The French-German "Merkozy" duo were at it again today, trying to save the euro zone. This time, they met via conference call. And Greek Prime Minister George Papandreou joined them. Merkozy pledged their support for Greece, once again.
In nearly identical statements, the French and German leaders affirmed that they “are convinced that the future of Greece is in the euro zone,” the New York Times reported.
Unlike the last time German Chancellor Angela Merkel met with Nicolas Sarkozy, markets didn't slide. On the contrary, Wall Street rallied. The Dow was up more than 2 percent in afternoon trading, before closing up 1.27 percent.
The statement of support was apparently welcomed, especially after some in Merkel's coalition have suggested publicly that a Greek default was something they could live with, as Der Speigel reports. Also bouying markets was a speach by European Commission President Jose Manuel Barroso expressing support for the issuance of euro bonds.

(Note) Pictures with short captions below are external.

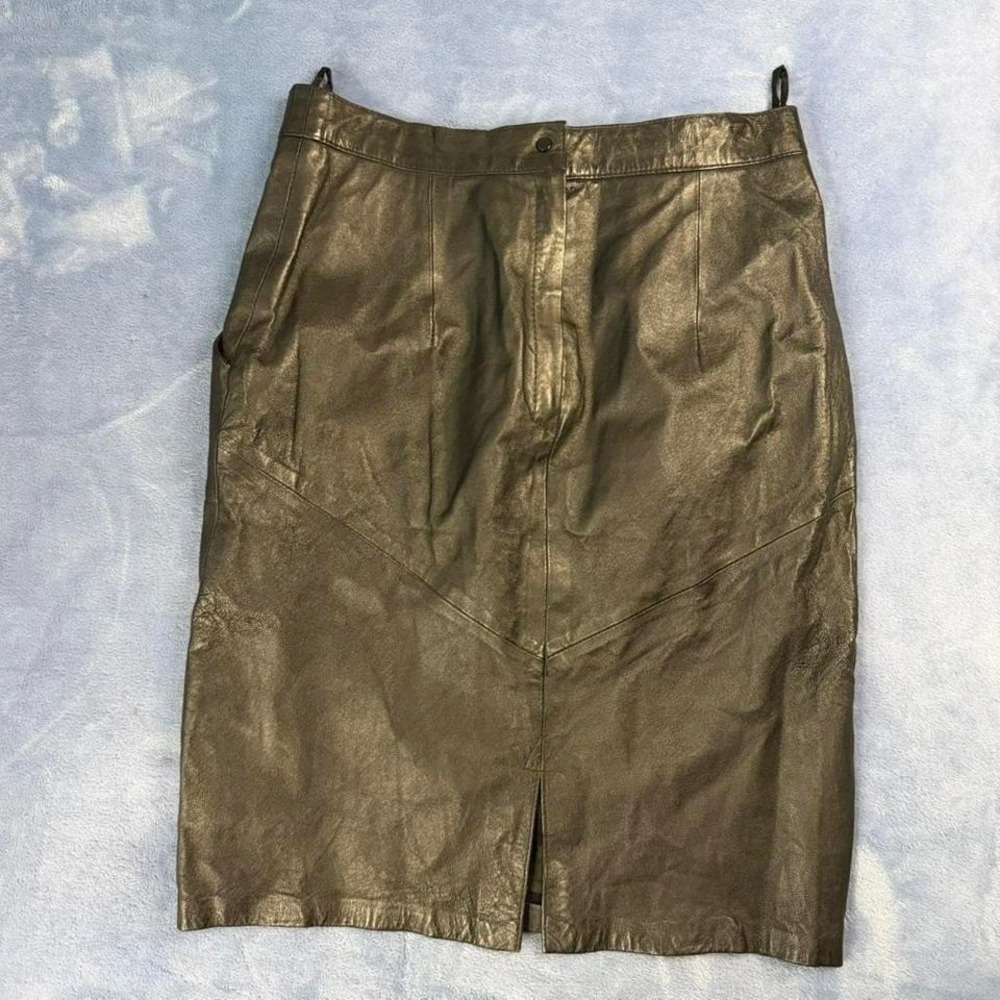 Vintage leather midi skirt with slit and‎ pockets. Women Size: 42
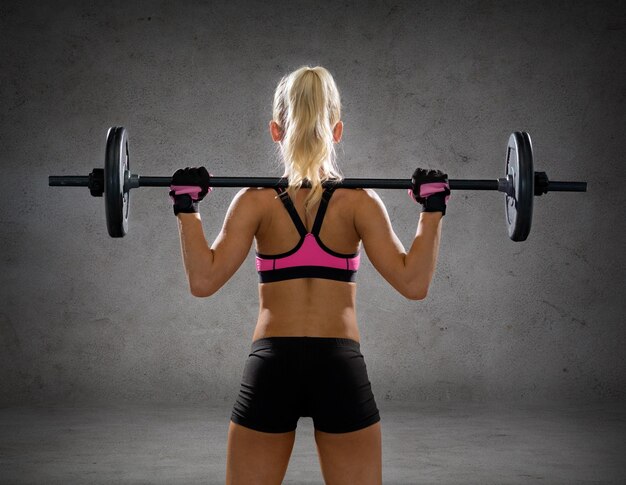 concept de remise en forme, de sport et de régime - femme sportive faisant de l'exercice avec des haltères de dos sur fond de mur en béton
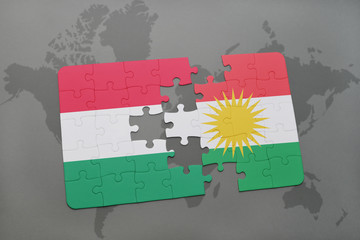 puzzle with the national flag of hungary and kurdistan on a world map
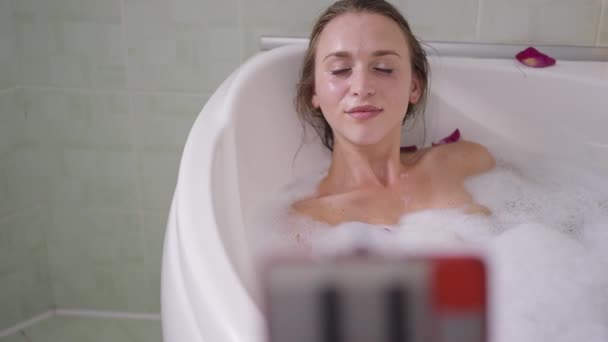Alegre confiante relaxado millennial blogueiro feminino fluindo do banheiro deitado em espuma de banho em beijos de água. Retrato de mulher magra caucasiana despreocupada se divertindo blogando do banheiro em casa. — Vídeo de Stock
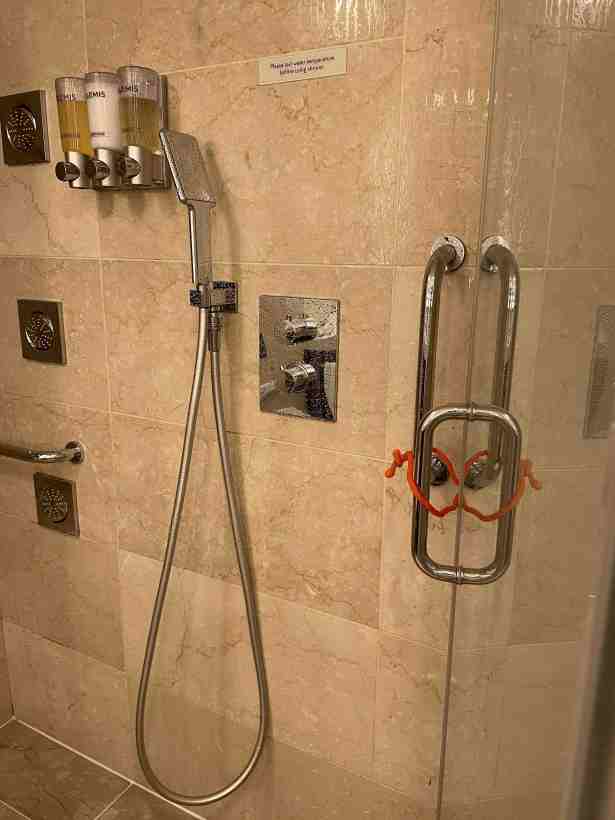 Orange rubber coated flexible wire binding shower door handle to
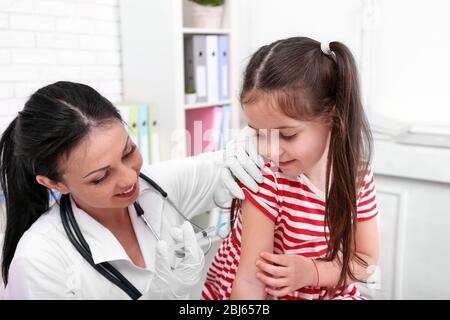 Médecin donnant une injection d'enfant dans le bureau Banque D'Images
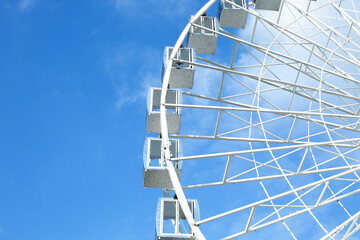 Fragment of a ferris wheel against the blue sky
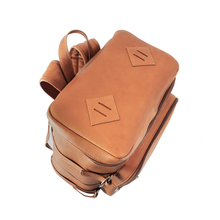 Load image into Gallery viewer, DayTrekr Top Load Leather Gear Backpack - Tan
Bird's Eye View of Top Leather Panel of Backpack.  Also showing convenient matching leather hand grip.
Dimensions:  16 x 12 x 7.5"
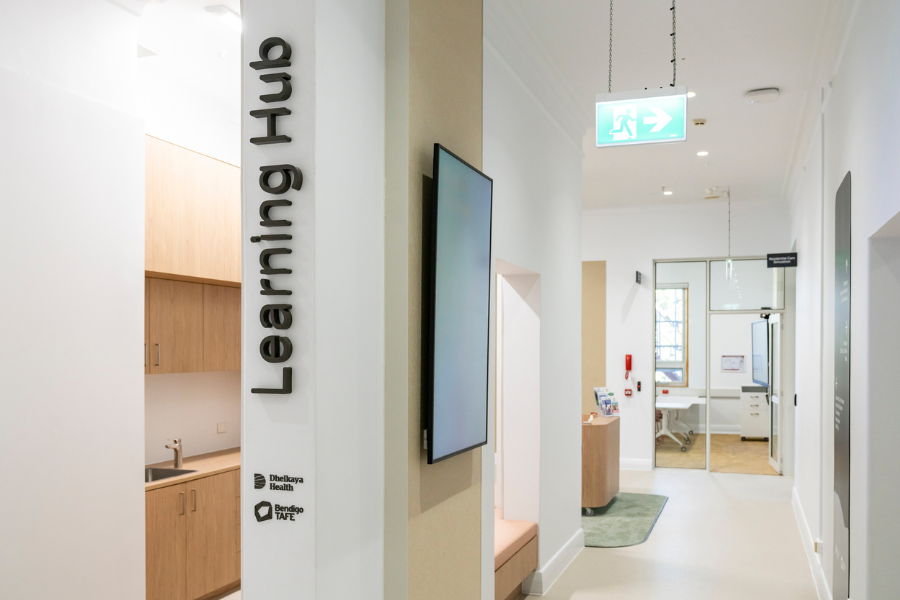 Hallway with 'Learning Hub' written on wall.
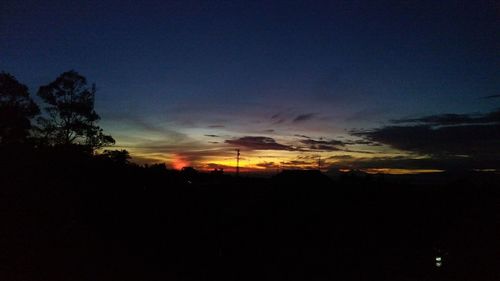 Silhouette trees against dramatic sky during sunset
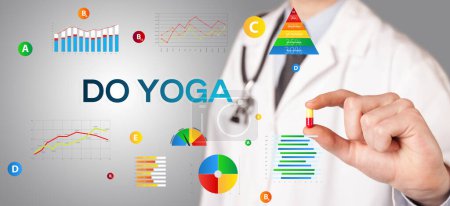Photo for Nutritionist giving you a pill with DO YOGA inscription, healthy lifestyle concept - Royalty Free Image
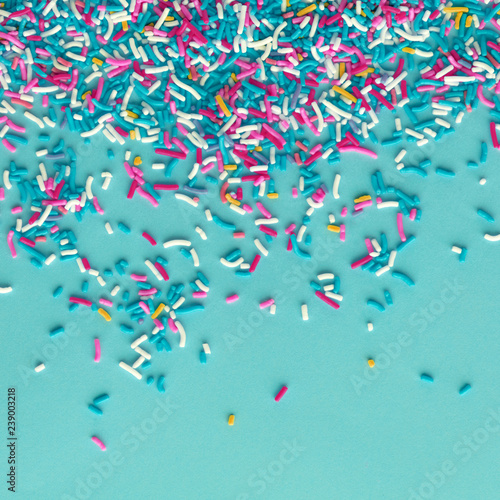 Colorful sprinkles on a blue background, top view with copy space photo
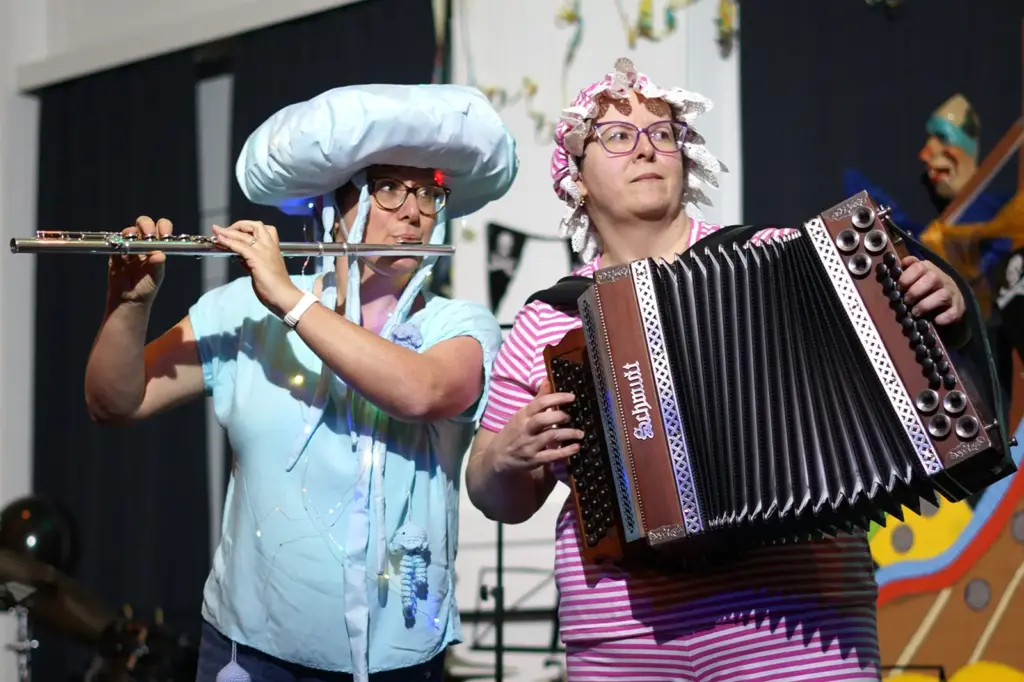 Zwei Personen in Kostümen spielen Querflöte und Harmonika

But does Europe — and particularly Merkozy — really have what it takes to save Greece? And wanting to save Greece isn't really the issue, but how. The Financial Times on Wednesday published a lengthy analysis unpacking the specifics of why the Greek bailout isn't working.
The FT argues that, less than two months after agreeing to a second, €109 billion, Greek rescue package "appears increasingly shaky."
"…almost every part of the new package — as well as the previous €110bn bail-out, agreed last May – is on the verge of collapsing. The Greek economy is in a tailspin, bondholders are in revolt, and voters in Europe’s creditor countries are increasingly calling on their leaders to cut Athens loose. 'There can be no more taboos,' Philipp Rösler, German economy minister, said at the weekend. 'That includes, if necessary, an orderly bankruptcy of Greece.'"
The FT article is a good read for anyone finding solace in Merkozy's latest statements. The challenges are formidable.